Page 6 of Truth's Blade

Her gaze passed with interest over carved wooden bowls, mosaic lamps and hand-dyed swatches of fabric, but nothing stood out to her.

When she turned down a new row of carts, though, she stopped dead, causing the person behind her to bump into herand swear softly. The jostling caused her to drop her cake, but she didn’t even look down to where it fell.

She mumbled an apology without looking around, and the man swung past her, sending her an irritated look, but she could not take her eyes from the glow.

Good or bad, she wondered as she slowly walked toward it. Sometimes it wasn’t possible to tell, and she’d worked out over the years that most often the ones she couldn’t read well were will-based spells, capable of being molded by the user.

She had seen plenty of magical items in her life. They winked and glimmered at her. Called to her.

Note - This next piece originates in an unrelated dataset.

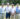 Stuart-Randall-Steve-Gibson-Steve-Solcher-Michael-Ainbinder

Sometimes with a gentle gleam, occasionally with a more obvious glow. This one was as bright as she had ever seen.

The spell light came off the object in a wafting mist; golden and wispy. It swirled and eddied in the air, like the condensation off a massive block of ice set out on a sunny day.

She found it difficult to know where to direct her gaze when she reached the scruffy caravan halfway down the row, only tangentially taking note of its peeling paint and the chips gouged out of the intricate wooden carvings framing the window.

A table was set in front of the caravan’s window and there was an awning, stretching from the edge of the roof, over the table, and held up by two poles which had been set inside two large pots filled with soil.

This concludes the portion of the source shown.